▸ **Your goal**
In the entries that follow, the lines from the one with "Parcela st. 273 v KÚ Bašť, Katastrální mapa" through the one with "Shift icon in 5 different style outline filled vector" are the ones to write out, exactly and with both ends included. Nothing else should appear.

▸ **Exercise material**
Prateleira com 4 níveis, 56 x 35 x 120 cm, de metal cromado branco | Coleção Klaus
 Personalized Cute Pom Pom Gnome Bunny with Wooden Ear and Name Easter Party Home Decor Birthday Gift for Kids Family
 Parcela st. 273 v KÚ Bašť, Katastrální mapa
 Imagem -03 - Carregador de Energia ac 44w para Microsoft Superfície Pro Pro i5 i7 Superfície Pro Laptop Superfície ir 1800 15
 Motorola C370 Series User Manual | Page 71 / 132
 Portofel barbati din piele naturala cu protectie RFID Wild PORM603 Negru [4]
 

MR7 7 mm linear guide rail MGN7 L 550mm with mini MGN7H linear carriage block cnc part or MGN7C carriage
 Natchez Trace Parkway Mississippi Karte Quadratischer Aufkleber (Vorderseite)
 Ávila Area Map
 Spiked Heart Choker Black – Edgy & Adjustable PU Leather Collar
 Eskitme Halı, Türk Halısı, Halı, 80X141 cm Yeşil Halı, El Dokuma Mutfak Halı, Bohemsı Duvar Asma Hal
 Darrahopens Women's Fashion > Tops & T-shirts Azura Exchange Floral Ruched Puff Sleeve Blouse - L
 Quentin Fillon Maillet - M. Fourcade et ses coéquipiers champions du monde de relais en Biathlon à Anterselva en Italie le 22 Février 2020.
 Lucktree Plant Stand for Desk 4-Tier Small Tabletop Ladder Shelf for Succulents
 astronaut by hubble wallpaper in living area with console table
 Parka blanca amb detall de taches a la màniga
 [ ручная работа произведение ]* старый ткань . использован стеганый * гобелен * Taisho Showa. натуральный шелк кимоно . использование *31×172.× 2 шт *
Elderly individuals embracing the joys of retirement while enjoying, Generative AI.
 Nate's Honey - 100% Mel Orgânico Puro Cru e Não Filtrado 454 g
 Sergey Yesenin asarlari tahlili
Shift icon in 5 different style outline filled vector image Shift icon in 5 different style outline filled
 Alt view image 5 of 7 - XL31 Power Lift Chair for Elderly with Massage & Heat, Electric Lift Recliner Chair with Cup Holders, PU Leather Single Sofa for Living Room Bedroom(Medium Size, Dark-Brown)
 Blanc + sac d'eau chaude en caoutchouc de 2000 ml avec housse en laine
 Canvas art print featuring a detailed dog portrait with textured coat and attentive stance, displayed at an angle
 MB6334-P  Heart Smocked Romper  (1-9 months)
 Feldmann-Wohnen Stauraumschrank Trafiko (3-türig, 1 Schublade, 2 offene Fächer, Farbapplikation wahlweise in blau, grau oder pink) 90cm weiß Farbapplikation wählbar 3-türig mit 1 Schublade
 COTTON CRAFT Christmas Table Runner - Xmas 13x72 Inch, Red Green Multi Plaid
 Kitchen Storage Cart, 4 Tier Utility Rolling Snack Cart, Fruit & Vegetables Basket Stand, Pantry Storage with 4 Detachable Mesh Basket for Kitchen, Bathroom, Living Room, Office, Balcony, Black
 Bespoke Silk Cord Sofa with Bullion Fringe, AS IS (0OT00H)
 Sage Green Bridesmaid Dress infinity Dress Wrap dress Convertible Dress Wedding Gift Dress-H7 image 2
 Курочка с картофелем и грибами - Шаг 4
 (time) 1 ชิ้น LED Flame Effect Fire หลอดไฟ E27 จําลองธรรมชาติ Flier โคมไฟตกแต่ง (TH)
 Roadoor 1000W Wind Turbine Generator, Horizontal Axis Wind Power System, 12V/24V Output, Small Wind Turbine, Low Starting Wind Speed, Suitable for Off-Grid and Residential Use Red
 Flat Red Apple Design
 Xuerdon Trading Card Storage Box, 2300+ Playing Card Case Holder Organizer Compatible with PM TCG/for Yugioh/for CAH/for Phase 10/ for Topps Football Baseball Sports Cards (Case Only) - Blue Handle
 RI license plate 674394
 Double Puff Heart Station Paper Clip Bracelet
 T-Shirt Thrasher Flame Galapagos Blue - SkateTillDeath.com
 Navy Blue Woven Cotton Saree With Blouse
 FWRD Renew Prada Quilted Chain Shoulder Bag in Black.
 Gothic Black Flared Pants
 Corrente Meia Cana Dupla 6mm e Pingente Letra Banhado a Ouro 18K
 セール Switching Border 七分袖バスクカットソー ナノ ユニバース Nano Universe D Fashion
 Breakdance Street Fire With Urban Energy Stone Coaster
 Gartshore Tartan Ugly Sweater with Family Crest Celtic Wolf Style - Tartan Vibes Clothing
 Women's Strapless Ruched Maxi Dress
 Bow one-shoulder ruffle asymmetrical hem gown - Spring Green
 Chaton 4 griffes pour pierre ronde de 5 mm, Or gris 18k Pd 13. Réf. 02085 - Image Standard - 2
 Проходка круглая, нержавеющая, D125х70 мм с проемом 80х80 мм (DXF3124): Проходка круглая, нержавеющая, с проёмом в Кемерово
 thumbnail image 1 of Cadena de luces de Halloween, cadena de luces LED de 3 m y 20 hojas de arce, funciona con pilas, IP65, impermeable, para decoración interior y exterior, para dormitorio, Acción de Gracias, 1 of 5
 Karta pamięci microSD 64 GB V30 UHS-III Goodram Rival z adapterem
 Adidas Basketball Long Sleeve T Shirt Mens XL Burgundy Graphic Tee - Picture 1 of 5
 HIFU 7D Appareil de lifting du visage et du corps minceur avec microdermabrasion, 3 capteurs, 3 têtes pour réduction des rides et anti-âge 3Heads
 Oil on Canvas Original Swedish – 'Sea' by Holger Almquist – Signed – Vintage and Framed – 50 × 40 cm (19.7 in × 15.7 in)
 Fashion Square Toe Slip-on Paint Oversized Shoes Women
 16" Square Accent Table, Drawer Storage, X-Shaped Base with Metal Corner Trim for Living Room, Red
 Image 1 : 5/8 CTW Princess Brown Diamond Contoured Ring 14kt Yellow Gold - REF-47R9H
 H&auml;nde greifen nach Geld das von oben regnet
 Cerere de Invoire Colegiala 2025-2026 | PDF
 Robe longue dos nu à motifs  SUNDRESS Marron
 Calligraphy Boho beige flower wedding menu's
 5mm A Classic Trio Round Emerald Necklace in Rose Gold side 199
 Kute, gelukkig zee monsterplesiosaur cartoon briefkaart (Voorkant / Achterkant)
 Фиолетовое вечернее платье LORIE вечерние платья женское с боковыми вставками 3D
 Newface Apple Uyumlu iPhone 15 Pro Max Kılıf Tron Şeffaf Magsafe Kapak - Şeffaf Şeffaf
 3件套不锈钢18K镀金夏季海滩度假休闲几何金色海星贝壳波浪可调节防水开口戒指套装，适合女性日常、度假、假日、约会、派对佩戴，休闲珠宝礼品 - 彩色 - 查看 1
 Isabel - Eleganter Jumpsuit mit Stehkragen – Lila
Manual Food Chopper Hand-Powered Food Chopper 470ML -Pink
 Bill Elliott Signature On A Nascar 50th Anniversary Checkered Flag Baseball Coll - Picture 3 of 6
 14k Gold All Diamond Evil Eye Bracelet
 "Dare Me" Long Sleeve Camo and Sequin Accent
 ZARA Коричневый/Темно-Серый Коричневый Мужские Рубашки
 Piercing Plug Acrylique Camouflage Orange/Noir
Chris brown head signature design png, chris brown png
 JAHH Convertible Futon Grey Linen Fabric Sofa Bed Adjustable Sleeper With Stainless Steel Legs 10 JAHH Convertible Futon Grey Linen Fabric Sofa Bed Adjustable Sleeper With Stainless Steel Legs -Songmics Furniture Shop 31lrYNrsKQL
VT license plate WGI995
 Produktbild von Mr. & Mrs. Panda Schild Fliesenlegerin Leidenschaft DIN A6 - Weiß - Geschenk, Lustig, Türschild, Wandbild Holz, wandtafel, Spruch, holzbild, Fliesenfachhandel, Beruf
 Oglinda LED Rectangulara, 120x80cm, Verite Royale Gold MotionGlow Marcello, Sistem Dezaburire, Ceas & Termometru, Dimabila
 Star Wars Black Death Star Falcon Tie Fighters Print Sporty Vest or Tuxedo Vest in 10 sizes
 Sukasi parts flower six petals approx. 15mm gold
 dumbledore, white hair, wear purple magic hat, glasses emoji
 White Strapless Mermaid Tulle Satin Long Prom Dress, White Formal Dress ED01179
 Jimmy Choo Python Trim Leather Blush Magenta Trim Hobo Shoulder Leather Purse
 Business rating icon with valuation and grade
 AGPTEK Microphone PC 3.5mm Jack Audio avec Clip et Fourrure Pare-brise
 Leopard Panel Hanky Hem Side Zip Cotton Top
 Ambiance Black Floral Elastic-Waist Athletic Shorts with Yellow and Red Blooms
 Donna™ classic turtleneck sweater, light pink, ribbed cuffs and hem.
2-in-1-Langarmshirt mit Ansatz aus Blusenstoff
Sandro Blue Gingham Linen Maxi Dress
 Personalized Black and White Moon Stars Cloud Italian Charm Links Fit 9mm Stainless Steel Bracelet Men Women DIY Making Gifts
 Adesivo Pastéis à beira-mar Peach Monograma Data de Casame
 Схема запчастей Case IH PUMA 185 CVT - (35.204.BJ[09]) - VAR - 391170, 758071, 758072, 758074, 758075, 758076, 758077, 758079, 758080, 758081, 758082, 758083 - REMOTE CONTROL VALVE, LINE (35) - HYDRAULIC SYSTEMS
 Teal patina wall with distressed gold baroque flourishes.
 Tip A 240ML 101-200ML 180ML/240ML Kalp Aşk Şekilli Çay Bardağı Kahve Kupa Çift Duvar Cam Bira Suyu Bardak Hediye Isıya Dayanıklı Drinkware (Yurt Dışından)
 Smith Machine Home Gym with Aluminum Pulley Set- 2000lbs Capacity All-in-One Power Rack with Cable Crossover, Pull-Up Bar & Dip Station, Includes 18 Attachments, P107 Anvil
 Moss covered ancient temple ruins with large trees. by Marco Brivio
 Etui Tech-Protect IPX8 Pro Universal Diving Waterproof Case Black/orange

▸ **Solution to this problem**
 Parcela st. 273 v KÚ Bašť, Katastrální mapa
 Imagem -03 - Carregador de Energia ac 44w para Microsoft Superfície Pro Pro i5 i7 Superfície Pro Laptop Superfície ir 1800 15
 Motorola C370 Series User Manual | Page 71 / 132
 Portofel barbati din piele naturala cu protectie RFID Wild PORM603 Negru [4]
 

MR7 7 mm linear guide rail MGN7 L 550mm with mini MGN7H linear carriage block cnc part or MGN7C carriage
 Natchez Trace Parkway Mississippi Karte Quadratischer Aufkleber (Vorderseite)
 Ávila Area Map
 Spiked Heart Choker Black – Edgy & Adjustable PU Leather Collar
 Eskitme Halı, Türk Halısı, Halı, 80X141 cm Yeşil Halı, El Dokuma Mutfak Halı, Bohemsı Duvar Asma Hal
 Darrahopens Women's Fashion > Tops & T-shirts Azura Exchange Floral Ruched Puff Sleeve Blouse - L
 Quentin Fillon Maillet - M. Fourcade et ses coéquipiers champions du monde de relais en Biathlon à Anterselva en Italie le 22 Février 2020.
 Lucktree Plant Stand for Desk 4-Tier Small Tabletop Ladder Shelf for Succulents
 astronaut by hubble wallpaper in living area with console table
 Parka blanca amb detall de taches a la màniga
 [ ручная работа произведение ]* старый ткань . использован стеганый * гобелен * Taisho Showa. натуральный шелк кимоно . использование *31×172.× 2 шт *
Elderly individuals embracing the joys of retirement while enjoying, Generative AI.
 Nate's Honey - 100% Mel Orgânico Puro Cru e Não Filtrado 454 g
 Sergey Yesenin asarlari tahlili
Shift icon in 5 different style outline filled vector image Shift icon in 5 different style outline filled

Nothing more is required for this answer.